Enquête publique - un PM complice?



Assassiné mercredi, le parrain de la mafia montréalaise, Nicolo Rizzuto, a eu droit hier à des funérailles solennelles en l'église Notre-Dame-de-la-Défense dans la Petite Italie. Sa «famille» s'y est réunie pour lui rendre un hommage à la hauteur de l'importance du personnage. Cette manifestation publique témoigne du pouvoir de cette organisation sur la société québécoise.
Il serait vain de nier que la mafia en général et la famille Rizzuto en particulier exercent une fascination sur l'opinion publique. La mafia est un fait de la vie. Ici, à Montréal, comme ailleurs, cette organisation domine un monde parallèle qui a ses propres règles et dont les activités, qu'il s'agisse de prostitution, de commerce de la drogue, de jeux de hasard, imprègnent la vie quotidienne. L'influence que détient cet autre pouvoir sur le plan social et sur le plan économique a été bien traduite par les pages et les heures de couverture consacrées par les médias à l'assassinat de Nicolo Rizzuto.

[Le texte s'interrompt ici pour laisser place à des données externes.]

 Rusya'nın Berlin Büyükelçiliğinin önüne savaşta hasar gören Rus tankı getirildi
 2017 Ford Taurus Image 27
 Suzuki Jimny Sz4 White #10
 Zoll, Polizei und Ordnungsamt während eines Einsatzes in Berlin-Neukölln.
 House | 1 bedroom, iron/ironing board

Fascinés par la carrière de Nicolo Rizzuto, tous nous l'avons été un peu ou beaucoup. Il ne faut pas oublier pour autant que la vie de Nicolo Rizzuto n'a rien eu d'honorable. Le quotidien de cet homme a été fait de meurtres (commis pour certains au nom d'un code dit d'honneur), d'extorsions, de règlements de comptes, de violences physiques et morales sans aucun égard pour les vies brisées par ses commerces interdits. Comment ne pas ressentir un vif malaise en voyant son cercueil franchir la grande porte de l'église Notre-Dame-de-la-Défense, puis en ressortir une fois le défunt pardonné de ses péchés? Ce folklore ne doit pas nous faire oublier ce qu'est la réalité du crime organisé.

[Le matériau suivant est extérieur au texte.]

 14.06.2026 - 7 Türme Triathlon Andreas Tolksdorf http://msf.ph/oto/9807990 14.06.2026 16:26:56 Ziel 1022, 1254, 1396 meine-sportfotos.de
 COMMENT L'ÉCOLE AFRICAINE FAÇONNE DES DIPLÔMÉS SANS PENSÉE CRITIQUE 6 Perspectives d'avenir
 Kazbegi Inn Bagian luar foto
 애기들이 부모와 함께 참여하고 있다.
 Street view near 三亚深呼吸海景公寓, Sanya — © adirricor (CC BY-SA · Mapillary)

La dépouille de Nicolo Rizzuto a été exposée le week-end dernier dans un salon funéraire lui appartenant. Étonnant? La fortune immense amassée par le crime ne peut qu'aboutir dans des activités licites qui sont de tous ordres. Tant qu'à être dans l'industrie de la mort, pourquoi ne pas y être jusqu'au bout? Il n'y a là aucune ironie, mais un profond cynisme qui montre bien que la mafia n'a aucune restriction morale lorsqu'il s'agit d'investir dans un secteur d'activité légale. L'assassinat de Nicolo Rizzuto nous le rappelle à point nommé, au moment où l'on débat de la nécessité de la tenue d'une enquête publique sur l'industrie de la construction.

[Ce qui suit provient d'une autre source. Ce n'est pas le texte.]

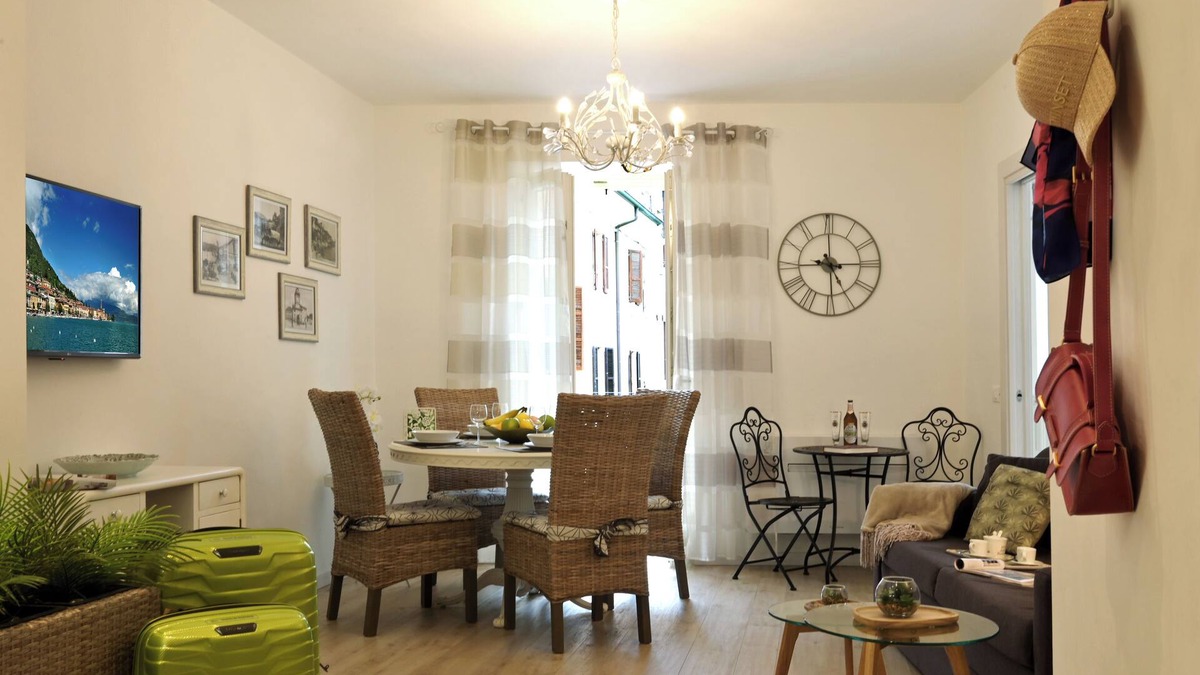 Salo Apartment | Cavour 2 - New two-bedroom apartment a stone's throw from the lake and in the center of Salò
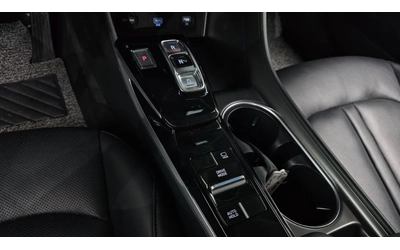 Hyundai Sonata 2.0 LPG / ОБДУХВАНЕ / LANE ASSIST / AMBIENT - автомобили, коли, обяви за нови и употребявани 15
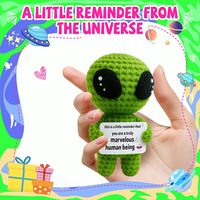 Poupée en laine au crochet faite main, motif extraterrestre, sculpture en laine à énergie positive, pack d'expressions amusantes, poupée au crochet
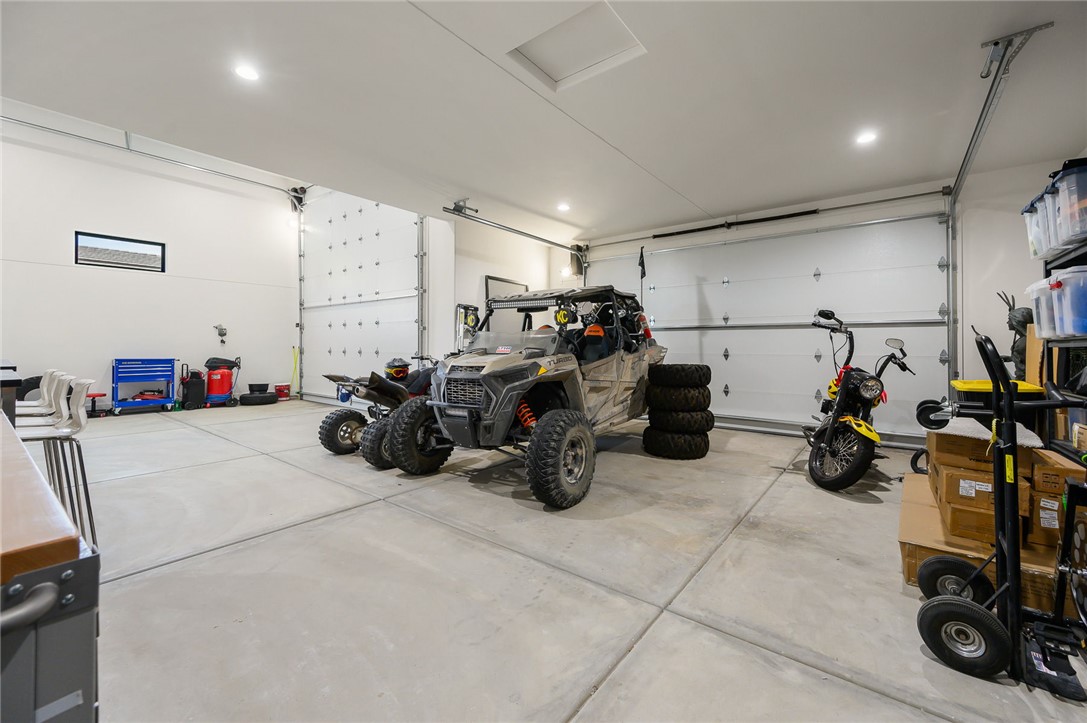 3243 Esmerelda Drive Drive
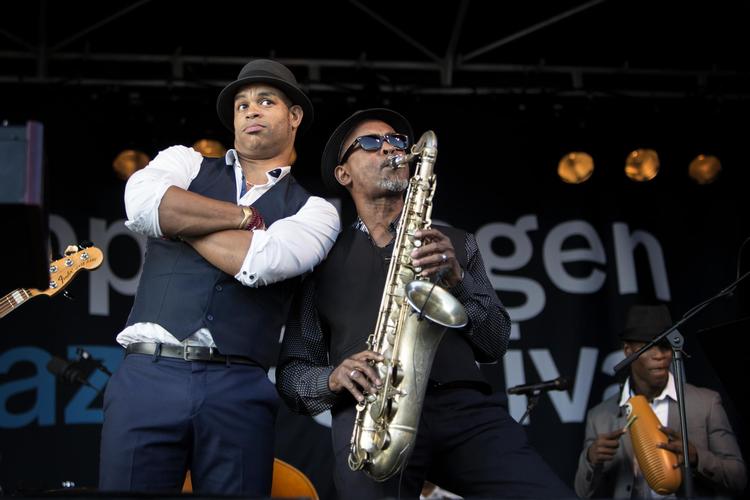 Roberto Fonseca (tv.) var åbenlyst mere interesseret i at lave dansefest end at levere udsøgt musik. 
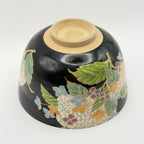 Bol à Matcha Décor Hortensias Dorés sur Fond Noir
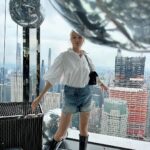 Polina Pushkareva Instagram - This summer I spent working my ass off so it could always extend it by flying to the other side of the world. At the beginning of June, I accepted my own challenge that I had not done before – 3 months to work without day offs. I rested 2-3 days off this summer in total. And it was a day off from content, but I still responded to messages from employees. Why did I set myself this goal? I understood that I was stuck on the same income level. I can afford everything I want and nothing to deny myself. But when you reach millions of dollars in income, you find yourself in a comfort zone that you don’t want to leave. The problem is when you are too comfortable, you stop developing. And this is something that does not correspond to my understanding of the world. And this summer brought me back. Who had followed me in 2018-2019, knew I could work 24/7, days and nights. It really kept me going. I'm a person who doesn't burn out. Why? Because I know for sure what I want and understand what I need to do to get it. I don’t burn out when I go to the bathroom and clean my teeth. The same with my work. It gives me what I want in this life. Unfortunately, great results in life come through blood, snot and sweat, and not through lightness. I think that sweat, snot and blood become easier when you do something that makes you happy. For me it’s social media management of accounts that brings me a great income. New York, New York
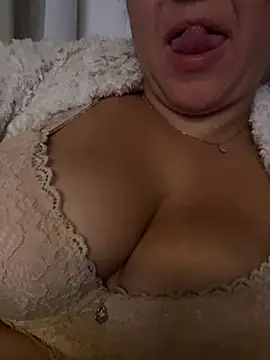 Daiana Andra online show from 11/04/25, 03:49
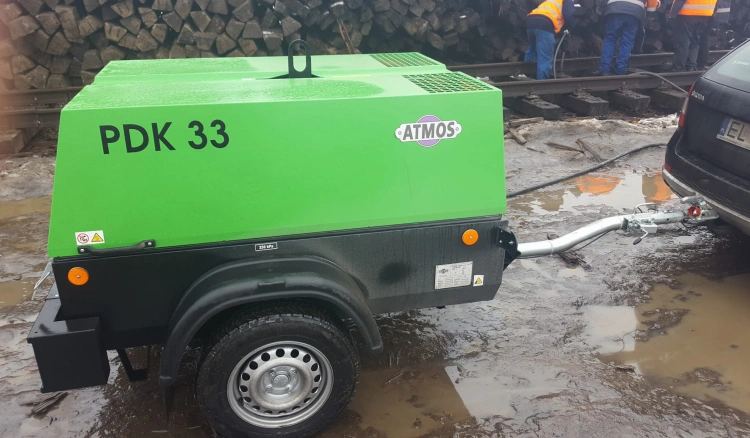 ATMOS PDK 33 sprężarka kompresor spalinowy śrubowy .jpg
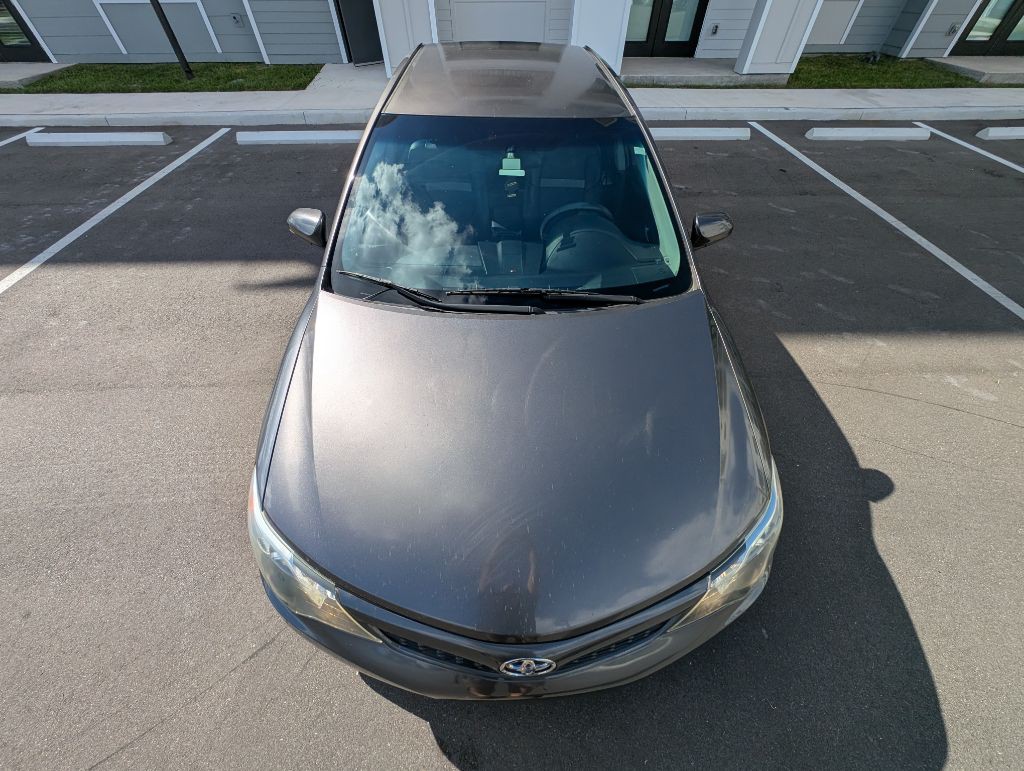 2014 Toyota Camry Image 2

Le folklore mafieux déteint depuis quelques semaines sur le monde de la politique québécoise, tout au moins dans le vocabulaire. Ce week-end, le chef de l'ADQ a ainsi fait une allusion assassine en qualifiant le premier ministre Jean Charest de «parrain de la famille libérale». Ce n'est certes pas la bonne façon d'obtenir cette enquête publique.
L'inquiétude a augmenté de plusieurs crans depuis que des porte-parole de corps policiers ont évoqué ouvertement l'existence de liens entre la mafia et un cartel de grandes entreprises de la construction à Montréal. La taxe qu'elle imposerait voudrait dire qu'elle a la main dans les finances publiques. Cela est intolérable.
Le refus obstiné du gouvernement crée un malaise profond, car, par là, il donne l'impression d'être prêt à tolérer cette intrusion du crime organisé dans les affaires publiques. Oui, l'escouade Marteau est au travail, mais il y a lieu de mobiliser toutes les ressources policières et juridiques pour réaliser le ménage qui s'impose. Jean Charest est à bout d'arguments. Il doit avoir l'humilité d'écouter ses concitoyens.